I like reading about the art world and creativity and even if I didn't I would like to read what Janet Malcolm Writes about it. It was a nice surprise to find that one of the players in her art world drama had gone to my high school in Cincinnati and I always wondered what happened to him. The role of esoteric art critic in New York City seems to be a natural extension of who he was as an outspoken, rebellious student in an elite, college preparatory high school in the Midwest. I also find it interesting when anybody can make some sense out of the mishmash of what I view as the New York City art world. I believe Tom Wolfe is correct when he said that the word makes the message in the art world. It is not what you see is what you get it is what you see is formed by the art critic you are listening to about that piece of artwork.
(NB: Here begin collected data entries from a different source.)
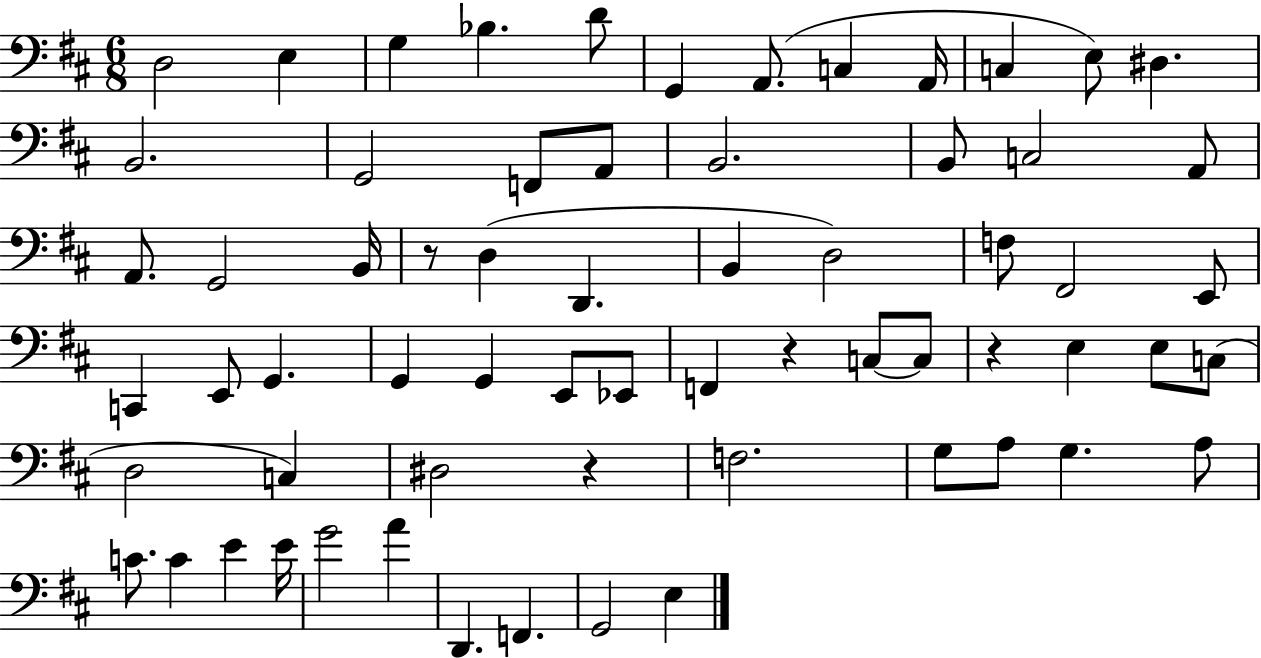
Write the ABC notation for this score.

X:1
T:Untitled
M:6/8
L:1/4
K:D
D,2 E, G, _B, D/2 G,, A,,/2 C, A,,/4 C, E,/2 ^D, B,,2 G,,2 F,,/2 A,,/2 B,,2 B,,/2 C,2 A,,/2 A,,/2 G,,2 B,,/4 z/2 D, D,, B,, D,2 F,/2 ^F,,2 E,,/2 C,, E,,/2 G,, G,, G,, E,,/2 _E,,/2 F,, z C,/2 C,/2 z E, E,/2 C,/2 D,2 C, ^D,2 z F,2 G,/2 A,/2 G, A,/2 C/2 C E E/4 G2 A D,, F,, G,,2 E,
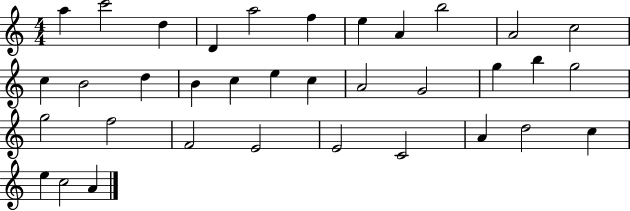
X:1
T:Untitled
M:4/4
L:1/4
K:C
a c'2 d D a2 f e A b2 A2 c2 c B2 d B c e c A2 G2 g b g2 g2 f2 F2 E2 E2 C2 A d2 c e c2 A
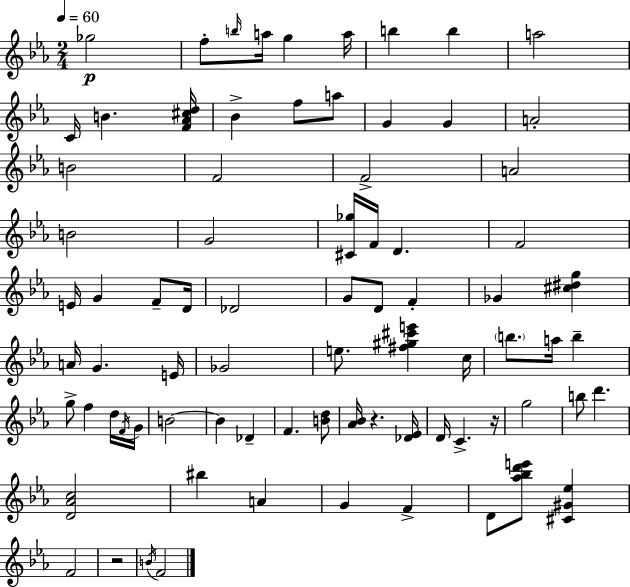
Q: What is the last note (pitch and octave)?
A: F4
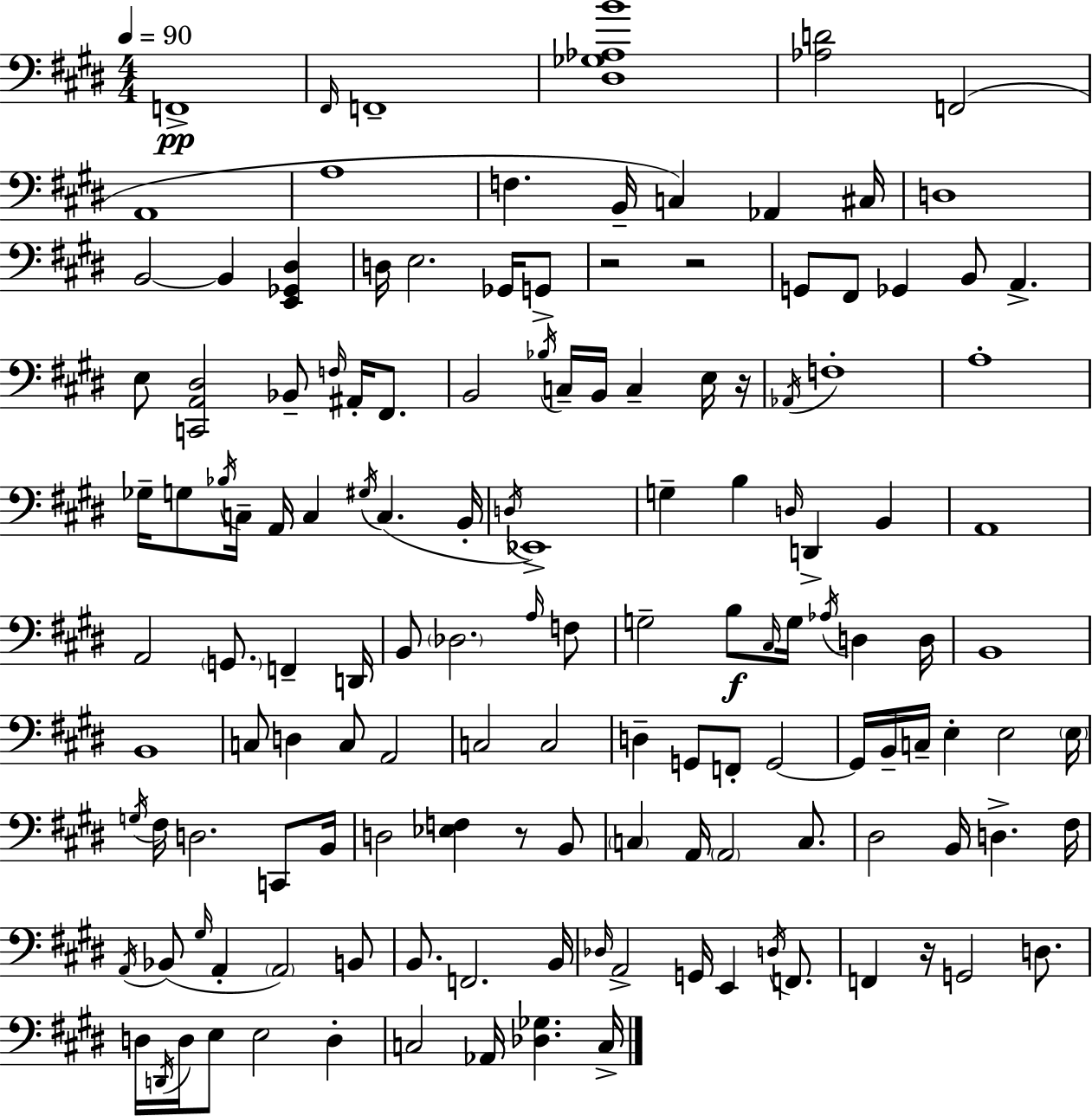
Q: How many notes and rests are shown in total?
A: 140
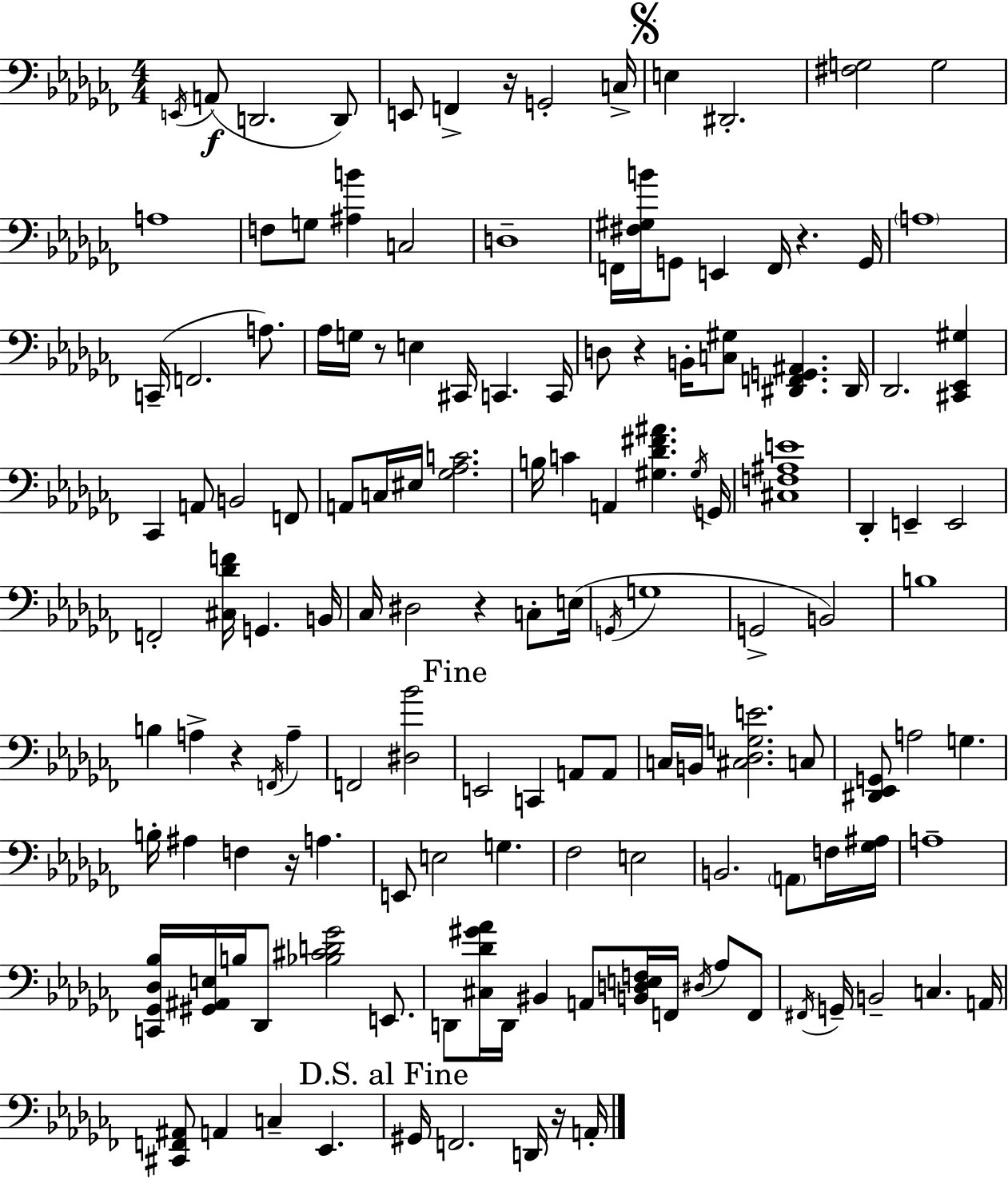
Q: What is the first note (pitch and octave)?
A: E2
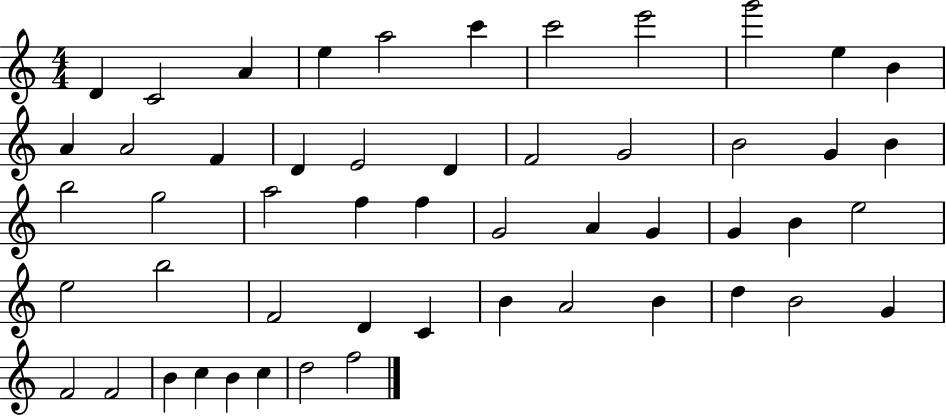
X:1
T:Untitled
M:4/4
L:1/4
K:C
D C2 A e a2 c' c'2 e'2 g'2 e B A A2 F D E2 D F2 G2 B2 G B b2 g2 a2 f f G2 A G G B e2 e2 b2 F2 D C B A2 B d B2 G F2 F2 B c B c d2 f2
I got bogged down in the VERY long essay about Artforum magazine, and I don't agree with Malcolm's enthusiasm for J.D. Salinger's writing (he's got a very narrow focus and his characters are really more petulant than anything else). But the David Salle piece which opens the collection (and furnishes its title) is a masterpiece.She also skillfully demolished the blowsy excess of the catalog of the SanFrancisco Art Museum's Diane Arbus exhibit, making the point that learning every last jot of trivia about a person does not contribute to understanding them. I will remember this line forever: "What Helen of Troy did in her spare time, and what she was "really like" as a person, are not questions that torture us."
Some people have complained here that these essays have appeared elsewhere and therefore are not "new." The truth is, most essay collections have work in them that has appeared elsewhere. That doesn't prevent this from being a riveting read. Even the ones I've read before, like the title essay, surprised me all over again. Janet Malcolm is a brilliant thinker, a cool and clear-eyed journalist, and a beautiful writer. All it takes is one paragraph before you know you're in the thrall of an authoritative, interesting voice and mind.
I love Janet Malcolm's writing style and prose and therefore can't be objective. This compilation has been fascinating. She continues to astound me with her perceptive voice and remarkable wisdom. I highly recommend this to anyone interested in the arts.
I love Janet Malcolm's work, just about every word of it, so I am unqualified to review this book. To me, reading each piece was like eating exquisite dark chocolate, superb smoked salmon, and so on: fill in the blanks with your own cherished tasty treats. I'm sorry, I just can't be objective about Janet Malcolm. But I can tell you which is my favorite: her write-up on the collection of characters (art historians, art critics, editors, and artists) who shed light on the enigma of _Artforum_ magazine in the 1980s. That may sound arcane to you, but for me, it's riveting material. She even makes Bloomsbury freshly interesting! Enough said.
Fascinating book that I will read again and again.
She is one of my favorite writers, offering such a complex, nuanced version of a story, making me think. This is a collection of essays and some of them are not so successful as her other books, but I was glad to read it.